More information about award winners:
Certified Snake Catcher Mick Fullerton is driven by his love of reptiles – and wants to do anything in his power to help keep them safe.
Mick works full-time as a welder, but is on call 24/7 to rescue reptiles and other wildlife in need as a volunteer.
Mick has been offering venomous snake relocation and wildlife rescue for about 15 years through Western Reptile Removal.
In the summer months, Mick can be called upon to relocate up to 15 reptiles a week – and he does all this after work and on weekends for no charge to encourage more people to take this option.
Most of Mick’s rescues are venomous snakes inside people’s houses or on their property. He has also rescued many injured reptiles over the years and nursed them back to health before releasing them.
Mick is passionate about dispelling myths surrounding native snakes, and happily shares his knowledge with the public – both in person and through Western Reptile Removal’s Facebook page. Mick also has plans to host educational presentations at schools and shopping centres.
In IApril 2018, when Trinity Sorenson learnt – through her mum’s work in remote WA – that there were many dogs suffering with ticks in communities along the Gibb River Road in the Kimberley, she made it her mission to help them.
15-year-old Trinity saved her own money to buy supplies, and enlisted the help of several family members to make the 3000km journey during her school holidays. Trinity and her family then worked to remove ticks from about 30 dogs.
Trinity also shared her knowledge, empowering locals to continue with parasite prevention in the future. On the trip home, the group stopped at a roadhouse, where the owner was struggling to coax a litter of abandoned puppies out from underneath his shop.
Trinity was quick to assist, and managed what the owner thought impossible in rescuing the puppies. She even managed to organise good homes for the puppies in nearby Derby.

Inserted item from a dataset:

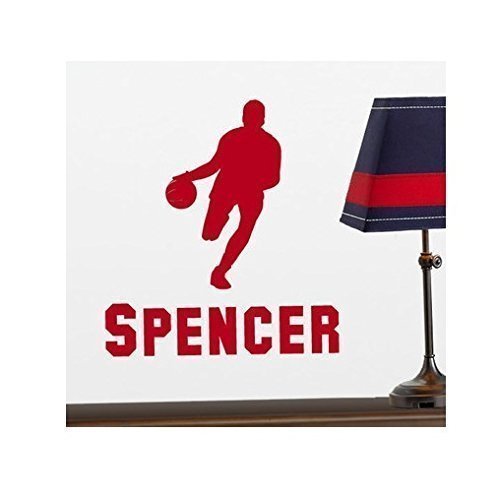Basketball Player Vinyl Wall Decal With Custom Personalized Name Boys Room Decoration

Then, late last year, Trinity was given a school research project and chose to educate her classmates on the plight of battery hens.

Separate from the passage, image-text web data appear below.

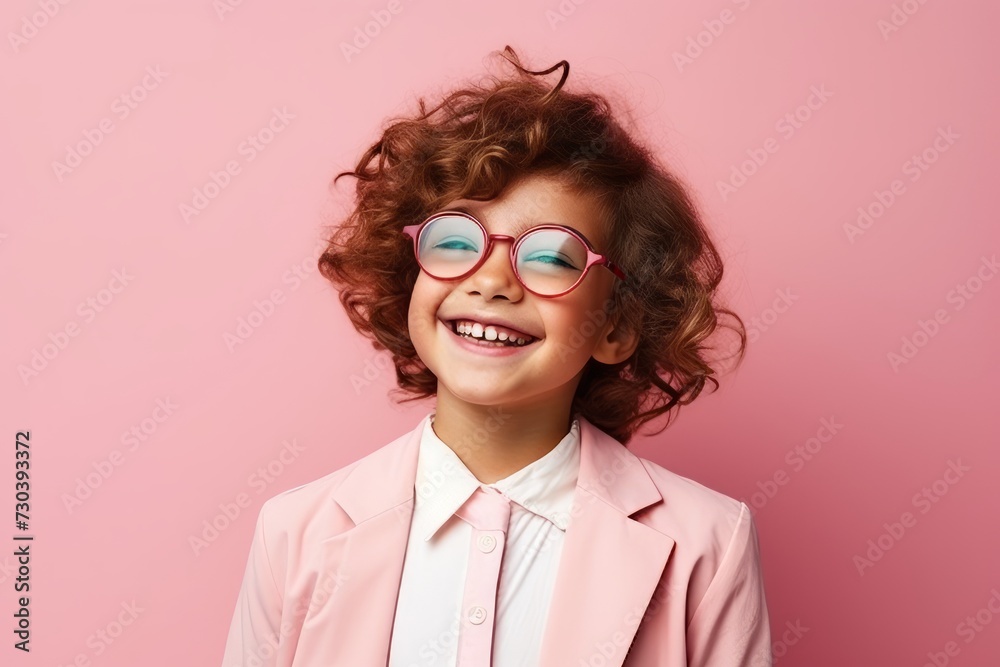 Portrait of a beautiful little girl with curly hair wearing glasses and a pink suit
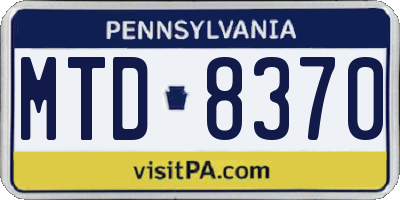 PA license plate MTD8370
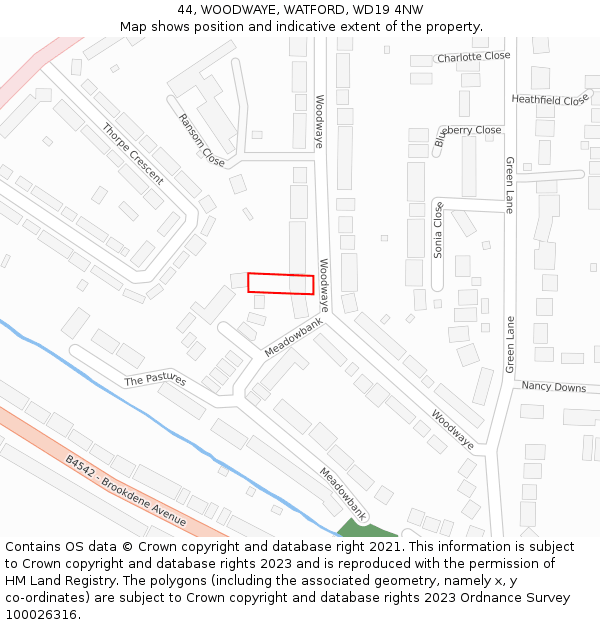 44, WOODWAYE, WATFORD, WD19 4NW: Location map and indicative extent of plot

For the project, she rescued three battery hens, documenting her dedicated care, and their progress, in a moving video which encourages higher-welfare choices. Since then, she’s continued to love and care for these animals.

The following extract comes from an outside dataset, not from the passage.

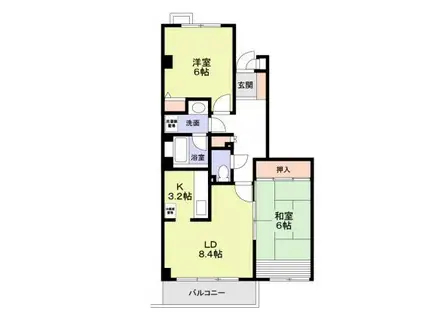 コスモリード三軒茶屋(2LDK/3階)の間取り写真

Kate has been one of RSPCA WA's most outstanding volunteers since joining us in May 2016.
She has generously given more than 830 hours of her time in the shelter, RSPCA’s retail stores and wherever else support is needed.
Kate was integral to the creation of RSPCA WA’s Cat Corp team – a group of highly knowledgeable volunteers who work intensively with the cats to improve their behaviour and bring them out of their shell – helping them find loving homes, sooner.
She acts as a mentor to new volunteers, helping them feel welcome and confident in their role. Kate also created a volunteer group to make toys for the shelter animals. The group’s colourful handiwork is on display in almost every condo in the cattery.
Kate’s ability to think out of the box, and come up with creative ideas has had a great impact on RSPCA WA’s programs, and the animals in our care.